Personal life
- Born: 1878 Toha Moharram Khan, Punjab Province, British India
- Died: 13 August 1962 (aged 83–84)
- Resting place: Sargodha, Punjab, Pakistan

Religious life
- Religion: Islam

Muslim leader
- Influenced by Shah Abdul Rahim Raipuri;
- Influenced Shah Abdul Aziz Raipuri Shah Saeed Ahmed Raipu Abul Hasan Ali Nadwi, [[Iftikhar-ul-Hasan Kandhlawi][Hafiz Abdul Hakim]];

= Abdul Qadir Raipuri =

Scholar in British India (1878–1962)

Shah Abdul Qadir Raipuri (1878 – 1962) was a scholar and reformer in the Deobandi tradition of Islam in British India and then Pakistan.

== Life ==
He was born in Toha Moharram Khan of Potohar of Chakwal District in British India. His father belonged to a religious Muslim Rajput family He lived with his aunt in Dhodiyal, Sargodha. She bequeathed him her lands. Her brothers were Mulana Muhammad Ahsan, Mulana Kaleemullah and Mulana Muhammad Yaseen.

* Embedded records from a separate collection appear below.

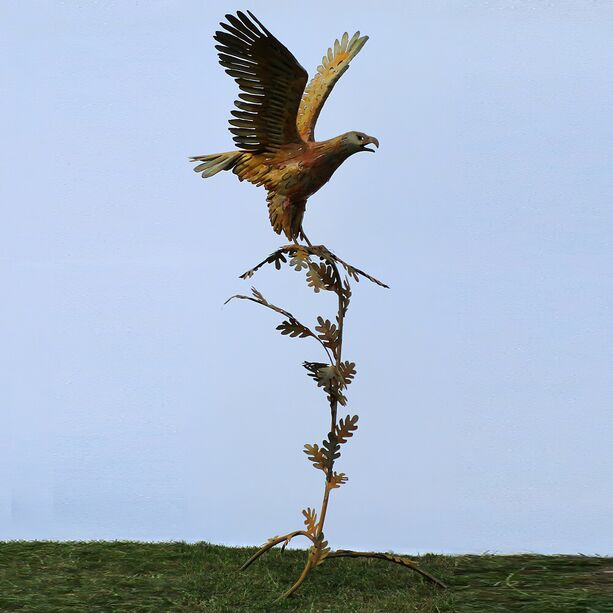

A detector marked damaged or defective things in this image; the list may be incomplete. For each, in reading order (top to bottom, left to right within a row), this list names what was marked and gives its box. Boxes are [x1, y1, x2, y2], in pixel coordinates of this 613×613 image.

rusty metal surface [191, 10, 444, 604]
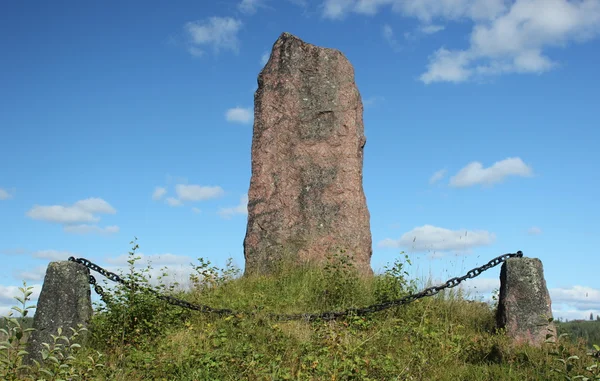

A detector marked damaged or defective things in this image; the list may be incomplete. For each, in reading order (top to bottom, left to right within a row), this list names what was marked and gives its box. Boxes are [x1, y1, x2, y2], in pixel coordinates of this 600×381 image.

rusty chain [68, 252, 524, 320]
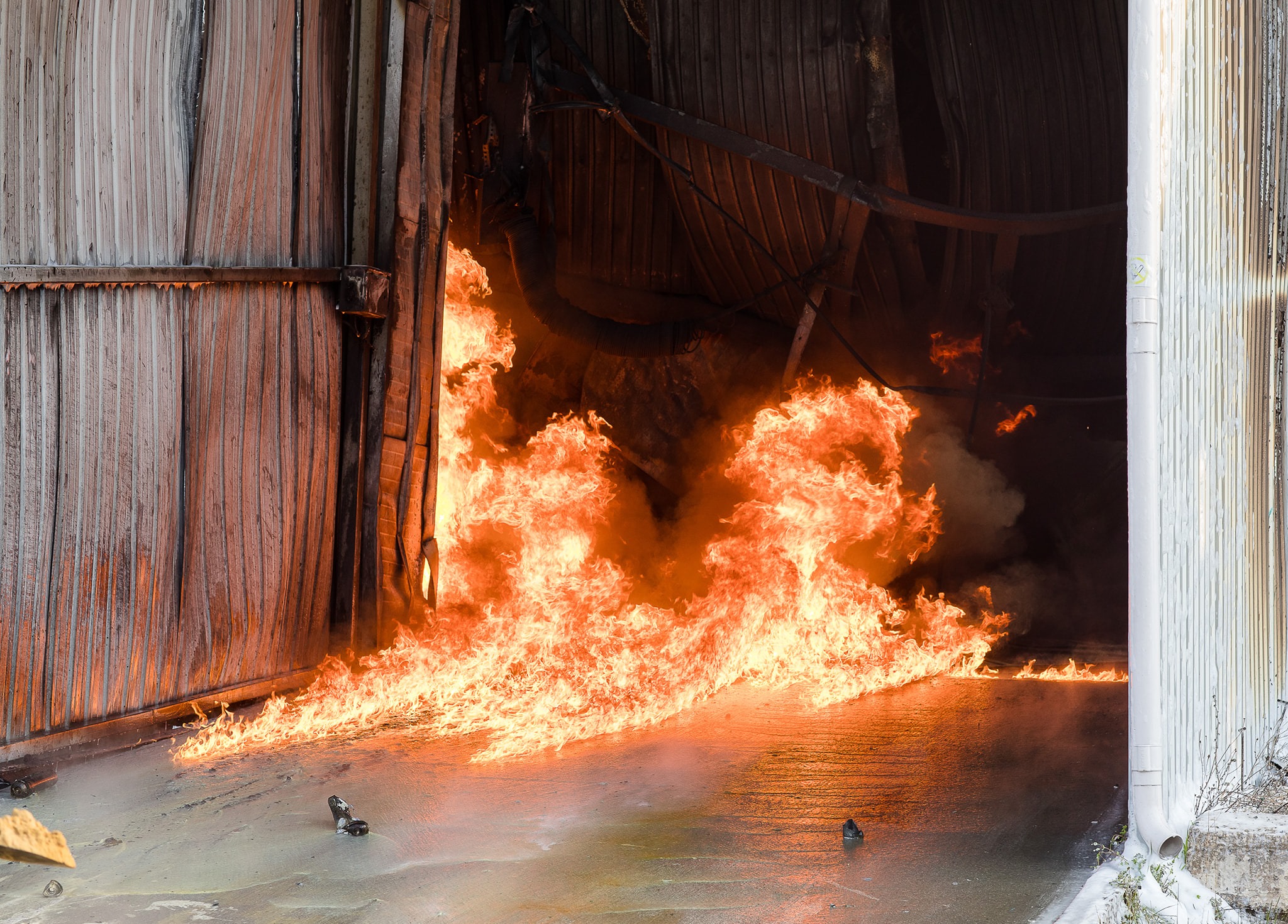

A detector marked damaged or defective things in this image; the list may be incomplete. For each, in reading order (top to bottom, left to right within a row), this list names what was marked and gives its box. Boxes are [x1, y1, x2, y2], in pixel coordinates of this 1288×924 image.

rusty metal panel [1157, 0, 1288, 820]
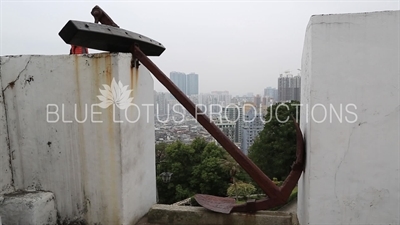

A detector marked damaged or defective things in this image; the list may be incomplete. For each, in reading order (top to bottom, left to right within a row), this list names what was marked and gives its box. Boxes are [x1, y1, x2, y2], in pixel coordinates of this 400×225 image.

rusty anchor [57, 4, 304, 213]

He became a hafiz of the Quran under the supervision of his uncle, Maulana Kaleemullah. He learned Arabic grammar from Maulana Muhammad Rafiq, who was a student of Rashid Ahmad Gangohi. Thereafter, he left home to pursue Islamic studies. He studied in Saharanpur, Panipat and Delhi. He translated the Quran into Urdu in his later years.

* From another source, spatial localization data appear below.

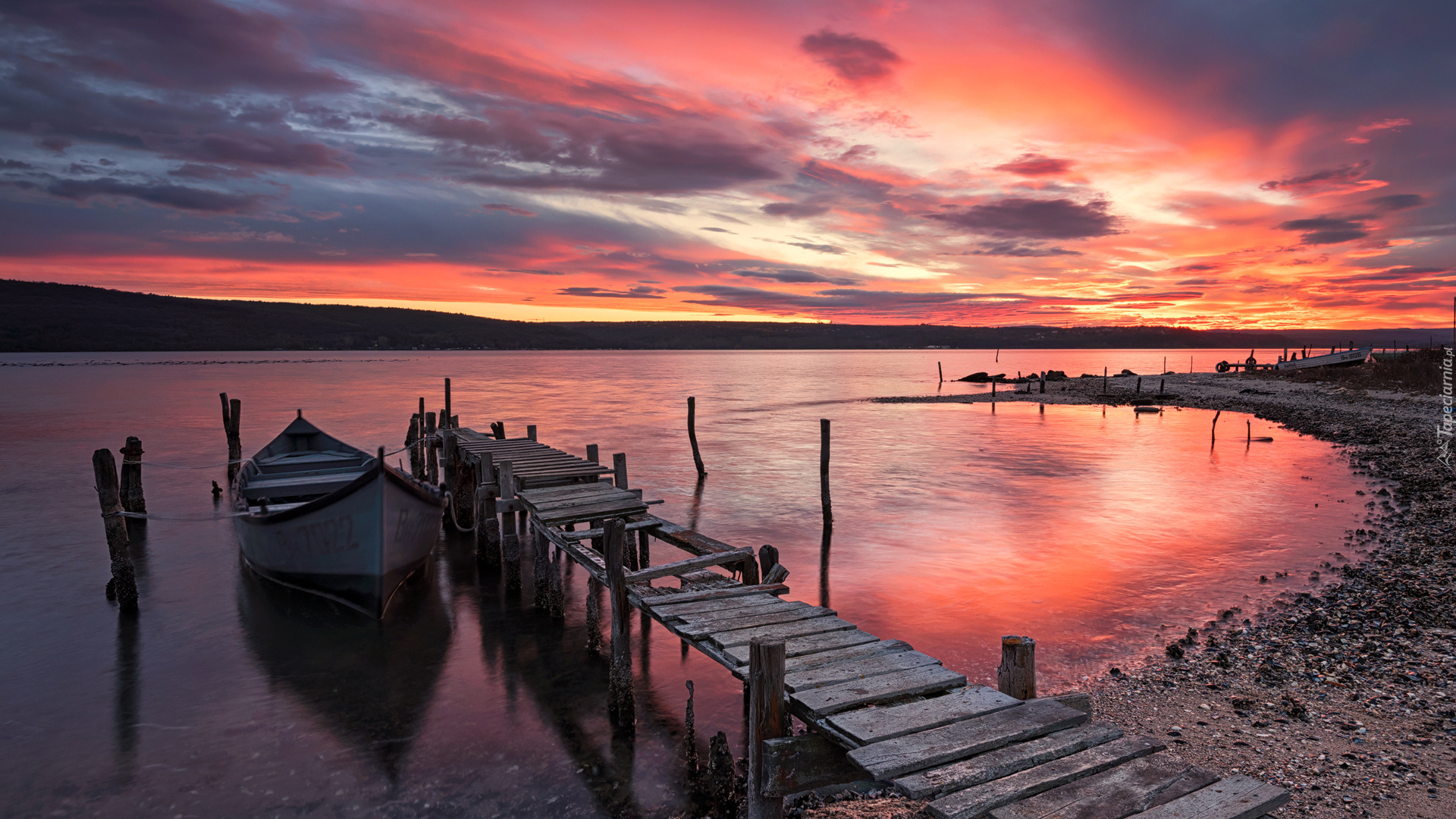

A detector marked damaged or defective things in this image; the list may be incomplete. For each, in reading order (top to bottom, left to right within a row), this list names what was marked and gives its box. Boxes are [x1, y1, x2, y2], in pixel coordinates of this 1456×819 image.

broken pier plank [710, 614, 855, 647]
broken pier plank [719, 626, 874, 667]
broken pier plank [786, 650, 943, 688]
broken pier plank [786, 664, 966, 714]
broken pier plank [833, 679, 1025, 743]
broken pier plank [844, 693, 1094, 775]
broken pier plank [896, 720, 1124, 799]
broken pier plank [926, 734, 1165, 816]
broken pier plank [990, 752, 1217, 816]
broken pier plank [1129, 775, 1292, 816]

In Delhi, he studied the books of hadith in Madrasa Abdur Rabb under Maulana Abd al-A’li in Delhi, who was a student of Hujjatul Islam Maulana Muhammad Qasim Nanotvi, as well as Sahih al-Tirmidhi from Anwar Shah Kashmiri. He spent 14 years with Shah Abdul Rahim Raipuri.

He traveled to Bareilly in Uttar Pradesh and conducted classes on the Qur'an and hadith. He taught his disciples the methods of the purification of the soul and Tasawuff. Many Muslim scholars studied under him. He authorized some students to teach and propagate Islam across India.